Monday, May 09, 2011

Where form and function meet

Architect Joseph’s John’s house in Kochi has a forbidding exterior, but a warm interior

By Shevlin Sebastian

Photo: Architect Joseph John and his wife in their garden

The first sight of architect Joseph John’s house at Kochi is intimidating. The courtyard is filled with black, chipped, gravel stones. Apart from a door, all you see is a large blank wall with no windows at all.

“I realised that there is no point in looking at the main road, because there is nothing there,” he says. “So I decided the back of the house should be my front. It is something like a desert. There is no vegetation. It is an unfriendly exterior. But when you come inside, things are different.”

Yes, indeed, the moment the wooden door is opened, you are immediately confronted by a green plant growing in a brass vase. On the right there is a five-foot high fingerpalm tree and an abstract painting, next to it, on the wall, in thick red, white, blue and yellow streaks, drawn by John himself.

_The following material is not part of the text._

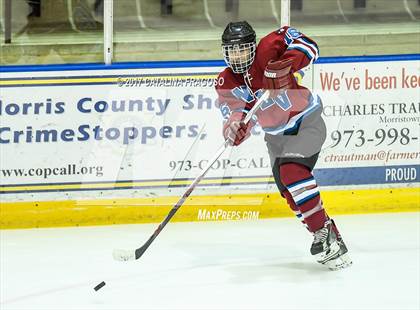 Thumbnail 1 in Newton @ Vernon (Haas Cup) photogallery.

The living room is spacious, with wooden sofas and chairs, while the floor is made of polished wood. On a side table there is a striking statue of an African Masai couple wearing red tunics and colourful bead necklaces, the man holding a thin, long spear. At one end of the room, there is a foot-high pool, with several frogs, made of porcelain placed in the water, as well as on the side.

“The aim is to keep the room cool,” says John. “And the frogs give the impression that it is an actual pool.”

John has a collection of frogs from all over the world. He has stored them in a bookcase. One is lying on its back, its four legs spread out, as if he is sleeping off a hangover. Another is massaging another frog, presumably a female. “I cannot explain my fascination for frogs,” he says, with a laugh.

From the living room, it leads off to a semi-circular verandah.

At one corner there is a reclining chair, made of black rexine leather, with a low foot stool. “This is where I read my morning newspaper with a cup of tea,” he says, and points with his hand. “Look at the scene.”

The scene: a small pond filled with water plants and Oscar fishes. Beyond that is a large grassy patch, filled with several coconut and frangipani trees. “Can you believe that this is a house in Kochi?” he says. “I have recreated a village scene in my backyard.”

Interestingly, John has painted the exterior of the 3000 sq. ft. house in a muted tone. “It is the colour of dried leaf or cowdung,” he says. “I was looking for a natural colour, which is soothing to the eye. I also wanted to give the impression that I am living in nature.”

Upstairs, he has made small bedrooms for his son, Shreyes, 17, and daughter Diya, 13. Both have only a cot and a study table. And he has an unusual explanation. “When my children grow up they will leave and go away,” he says. “So there is no need for large rooms.”

He gives an intriguing reason as to why the master bedroom is also small. “It is a space where you go to sleep, which means you are dead to the world,” says John. “But my clients have said, ‘We spend one-third of our life in the bedroom.’ But I tell them, ‘You are mostly sleeping, so you don’t need a big area.’”

Interesting perceptions by a gifted architect has resulted in an atypical, but alluring home.